Redefining Stability
Published on 2016-08-31
Defining stability is a hard problem due to many factors. I propose
the use of some guidelines and modifiers to describe various “stable”
systems to better describe their true state.
Common Points
- The software runs within its defined memory/cpu parameters
- The software does not crash under “normal” load
Understable
- There is some risk in using the service. Not all edge cases for the
API have been tested/bugfixed
- Deployments need monitoring by “that one person” who understands the
service deeply
- Subject to large or frequent code / API updates
- Using “new” or untested libraries, repeatedly updated (subject to
frequent deployments)
Stable
- Most edge-cases have been fixed for the API
- Engineering teams maintain and update the code regularly (as needed
or monthly)
- Relatively few updates to the business-logic code. The API is
versioned and/or tested for backwards compatibility
- Libraries are updated and the app is refactored to keep pace with
security updates and Engineering progress outside the app (e.g. database
version changes)
Overstable
- So “rock solid” that no one wants to touch it – it has “hairs” on it
in the form of bugfixes and all edge-cases have been handled in
code.
- Code is reviewed / updated only when absolutely necessary to prevent
catastrophic failures. Library and code updates are avoided.

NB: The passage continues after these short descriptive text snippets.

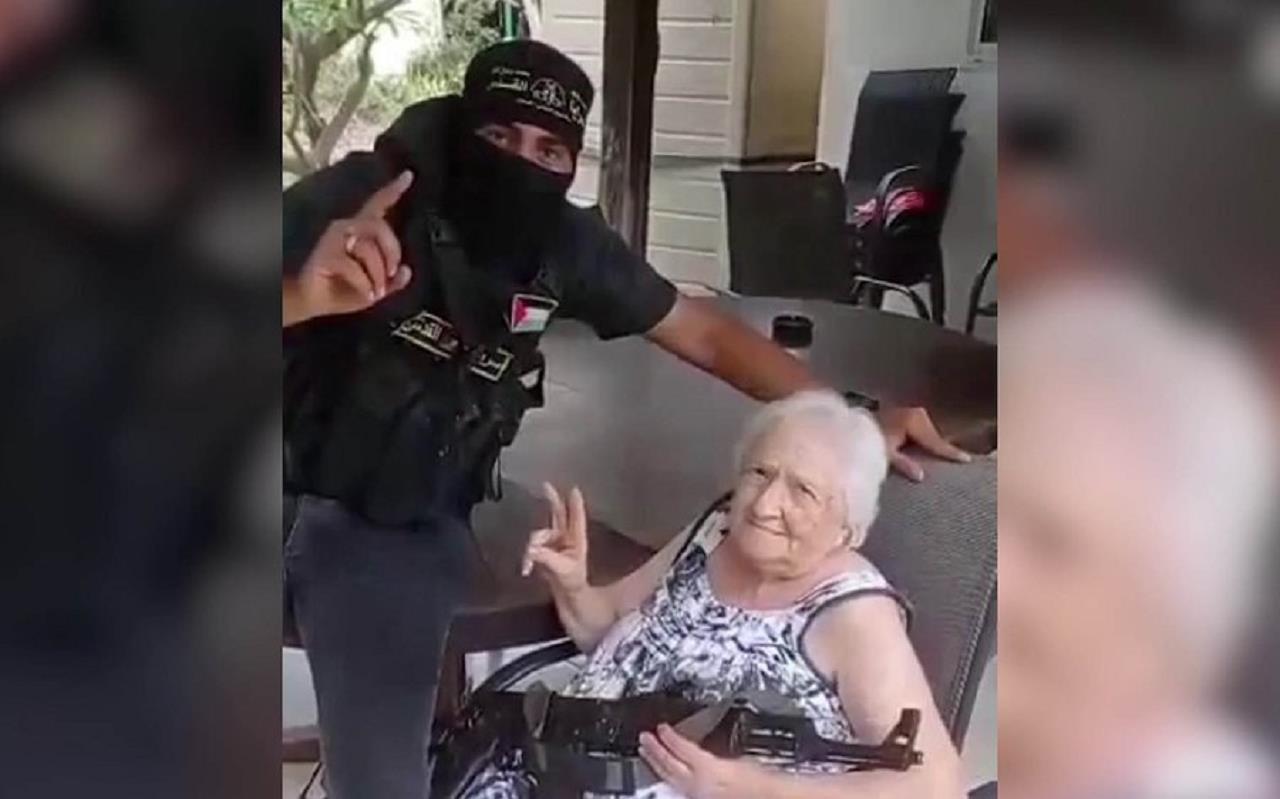 巴勒斯坦武装团体哈玛斯2023年10月7日跨境袭击以色列南部，90岁阿根廷裔老奶奶艾斯特（右）就遭遇了两名蒙面枪手，但因为她提到自己与足球巨星梅西是同乡，最后免于遭掳为人质。照片翻摄：X / Joop Soesan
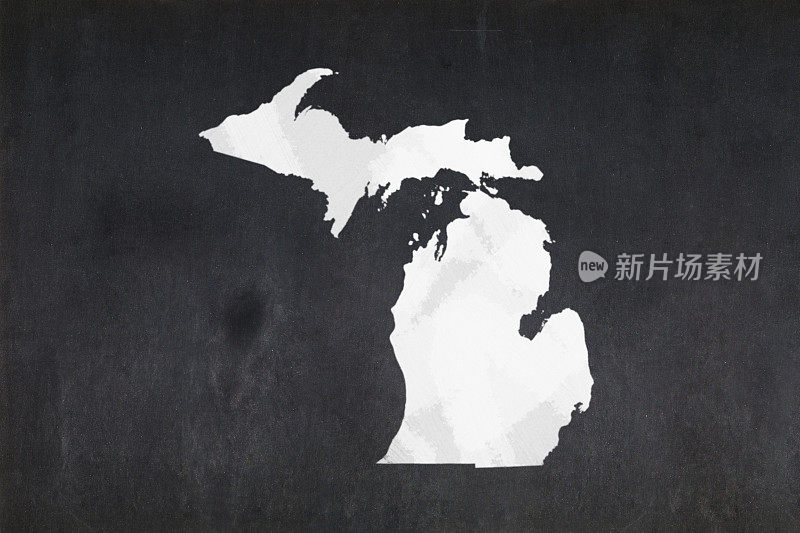 在黑板上画的密歇根州地图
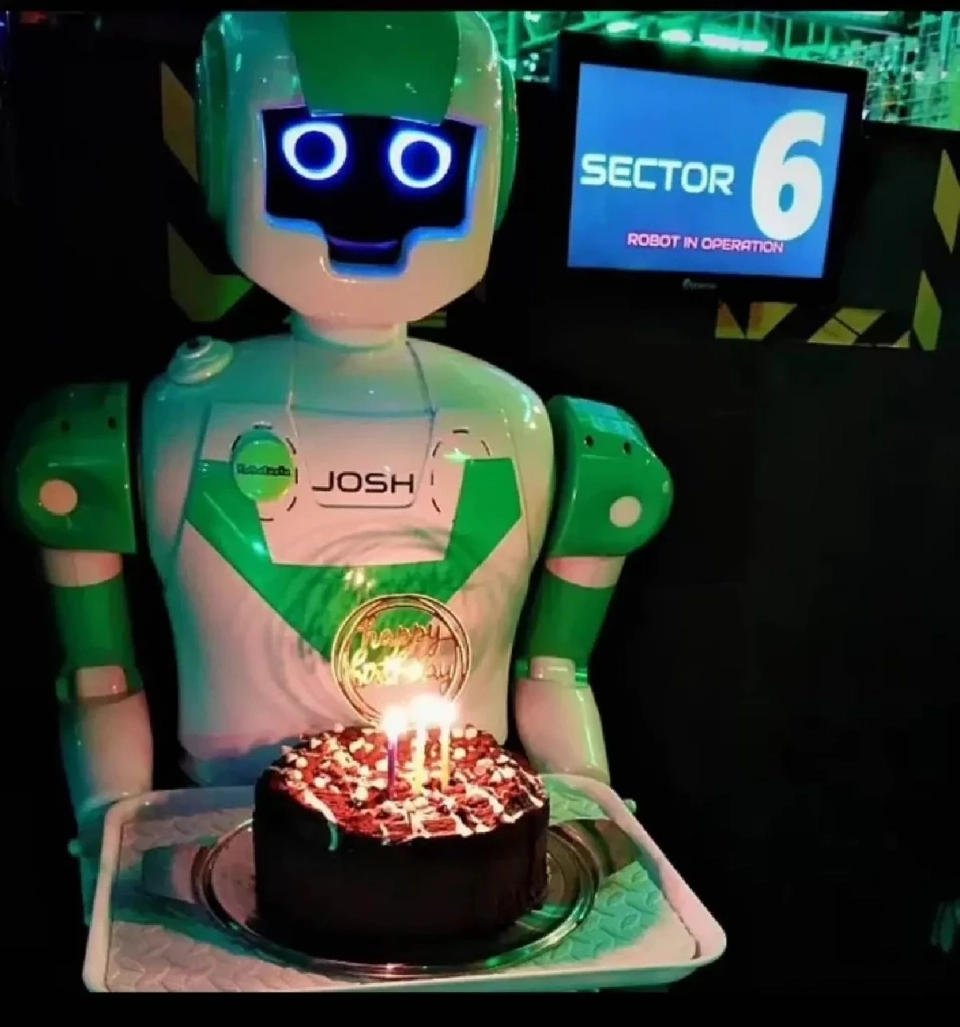 ตลาดหุ่นยนต์บริการไทยชะลอตัว คาดมูลค่า 2.14 พันล้านบาท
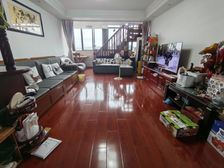 西郊河畔 两房复试出售 小区中心位置 精装修 随时看房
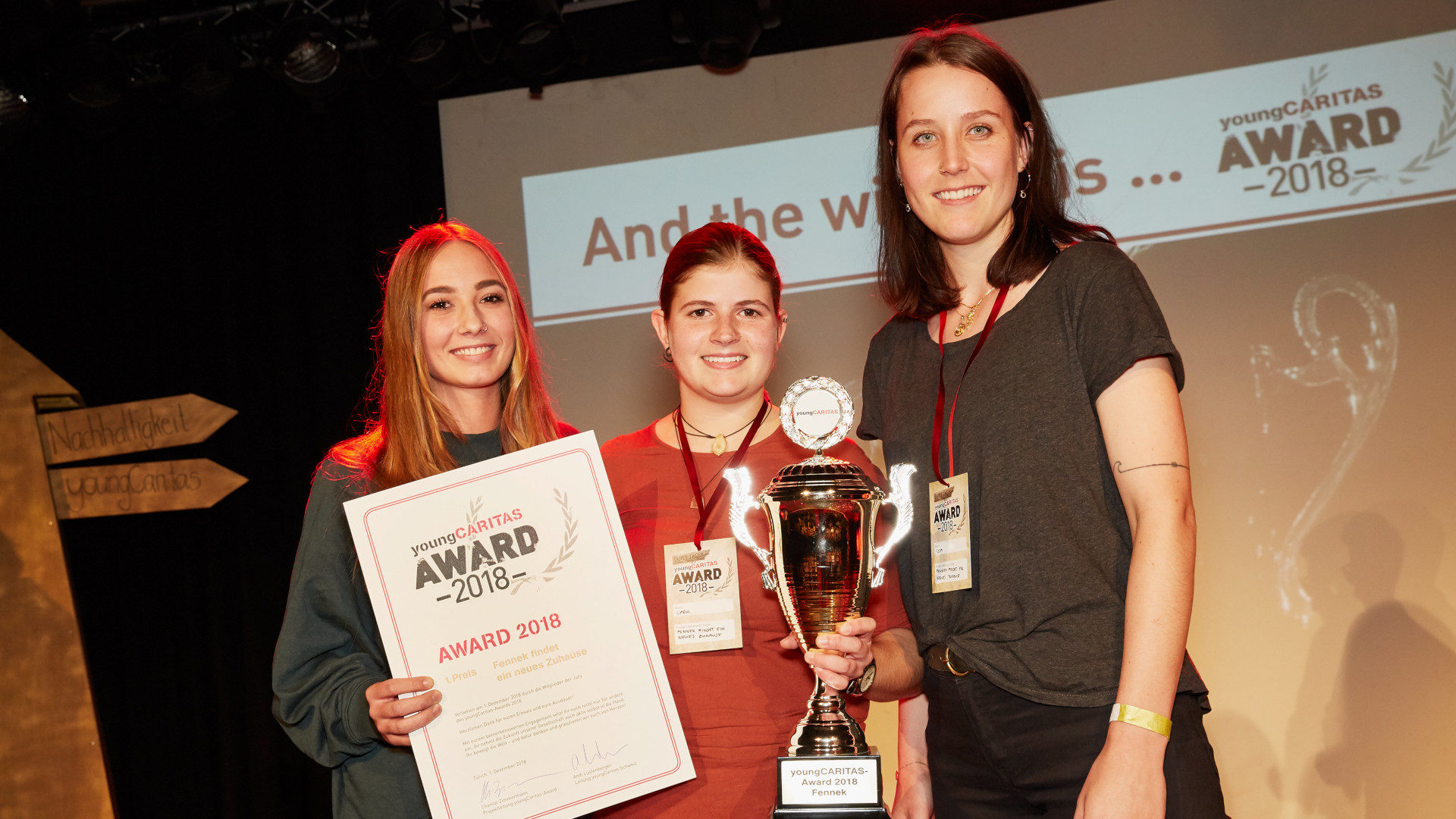 Jolyne Loepfe, Carol Tanner und Lea Schmid (v.l.) gewinnen mit ihrem Kinderbuch «Fennek findet ein neues Zuhause» den youngCaritas-Award 2018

- Would be considered “abandonware” in other contexts
- (Like understable) requires “that one person” who
understands the code to maintain it
Conclusions and Reasoning
Both under- and over-stable systems are in a “bad” state and are
something we should avoid.
Having truly Stable code means regularly reviewing or refactoring
code to account for new Engineering requirements or practices, fixing or
adding pieces as needed, and keeping the team’s understanding of the
code fresh.